Exactly the lines from the first line of the records to the line holding "Mens Skull-Flames Camp Shirt - Ecru" should be duplicated, and nothing more; pictures stay out.

------------------------------

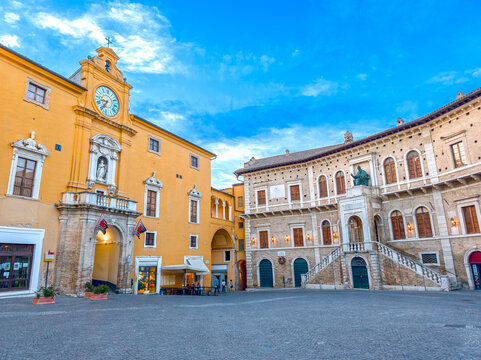 Palazzo dei Priori at Dusk, Fermo, Italy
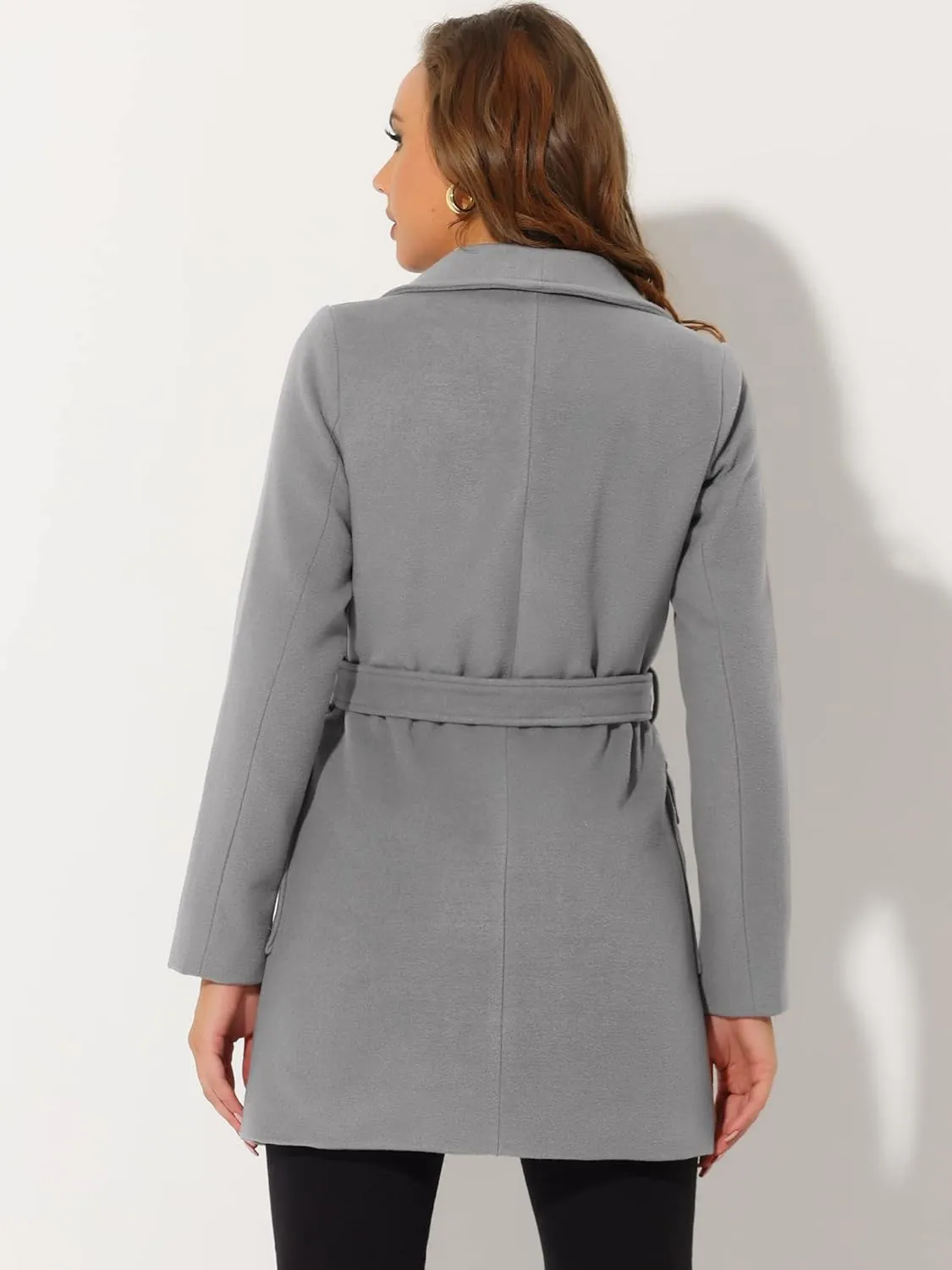 Allegra K Women's Winter Shawl Collar Long Sleeve Tie Belt Wrap Coats with Pockets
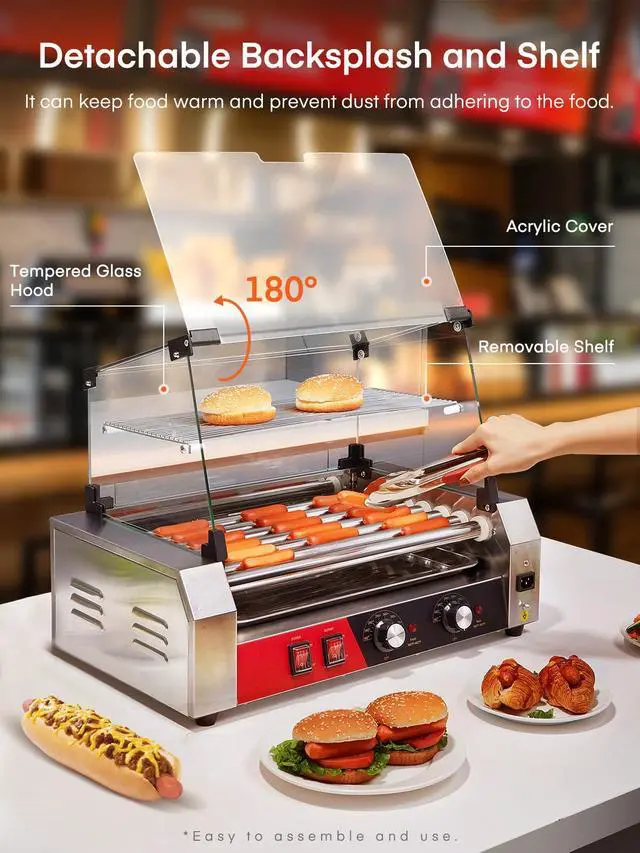 Alt view image 3 of 6 - Hot Dog Roller 7 Rollers 18-24 Hot Dogs Capacity, 1050W Stainless Steel Hot Dog Machine with Bun Warmer Shelf, Dual Temp Control, Glass Cover, Removable Tray for Commercial and Party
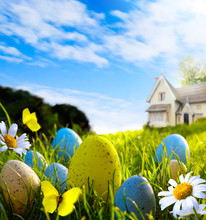 Art Easter Eggs On Spring Field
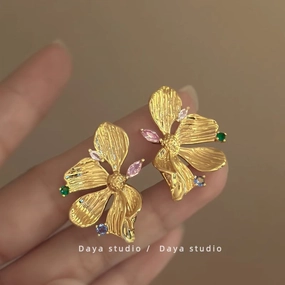 Wholesale Gold-plated Color Zircon Metal Flower Earrings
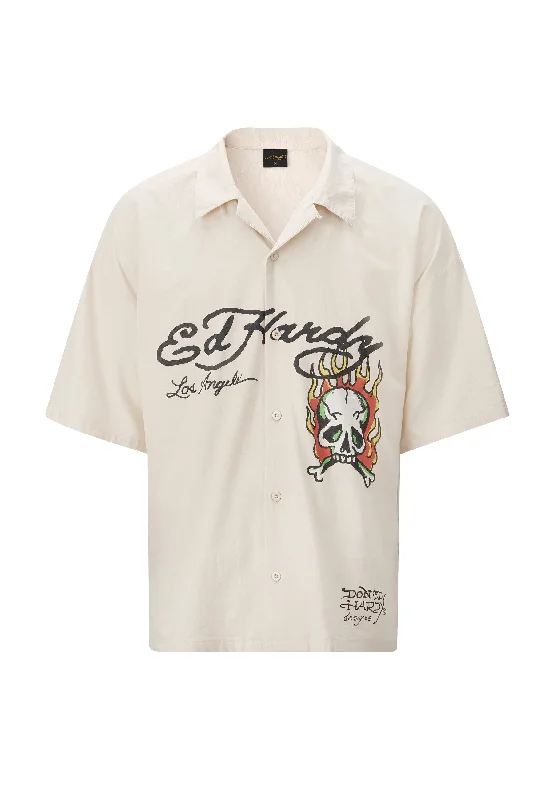 Mens Skull-Flames Camp Shirt - Ecru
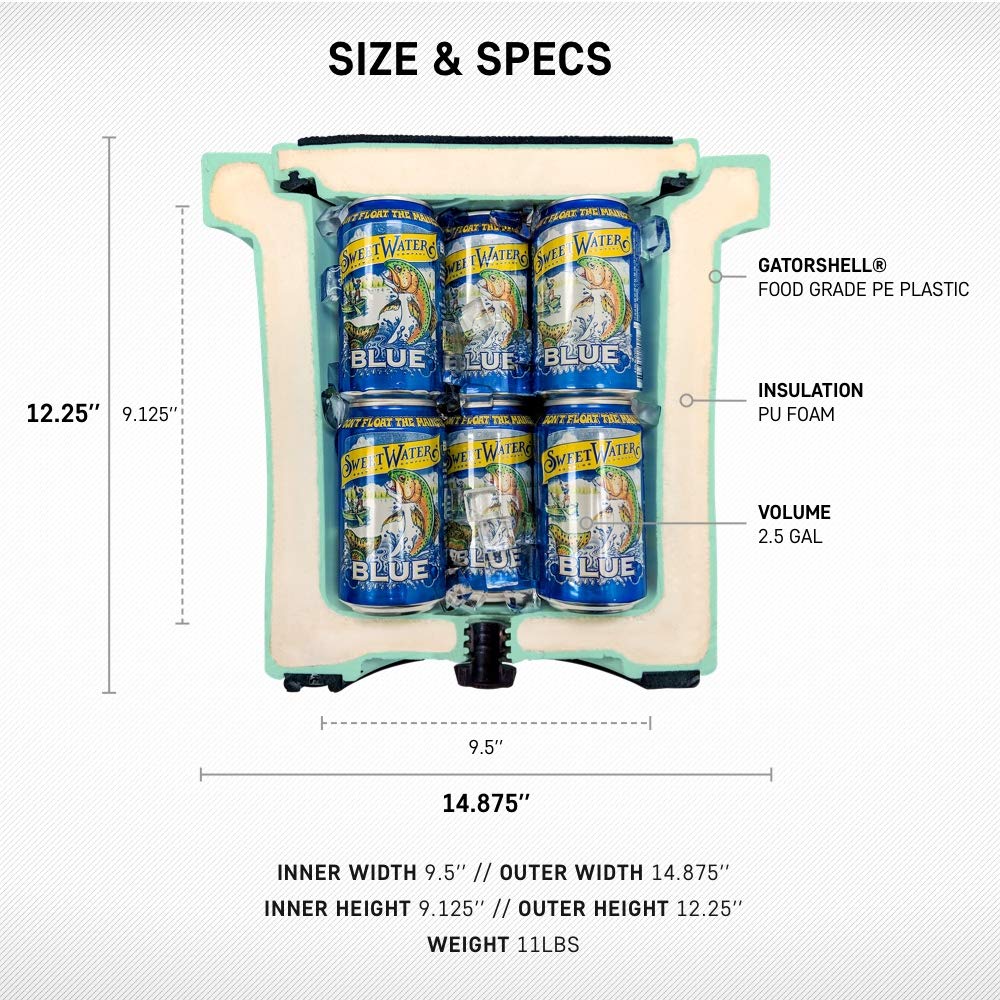 KULA by Bote Hard Shell Cooler with Drink Tap Travel Handle Rubber Closure Gatorshell Construction Strong Insulation 2.5 Gallon Capacity Portable Fishing Seat Multiple Colors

------------------------------

** Task response **
 Palazzo dei Priori at Dusk, Fermo, Italy
 Allegra K Women's Winter Shawl Collar Long Sleeve Tie Belt Wrap Coats with Pockets
 Alt view image 3 of 6 - Hot Dog Roller 7 Rollers 18-24 Hot Dogs Capacity, 1050W Stainless Steel Hot Dog Machine with Bun Warmer Shelf, Dual Temp Control, Glass Cover, Removable Tray for Commercial and Party
 Art Easter Eggs On Spring Field
 Wholesale Gold-plated Color Zircon Metal Flower Earrings
 Mens Skull-Flames Camp Shirt - Ecru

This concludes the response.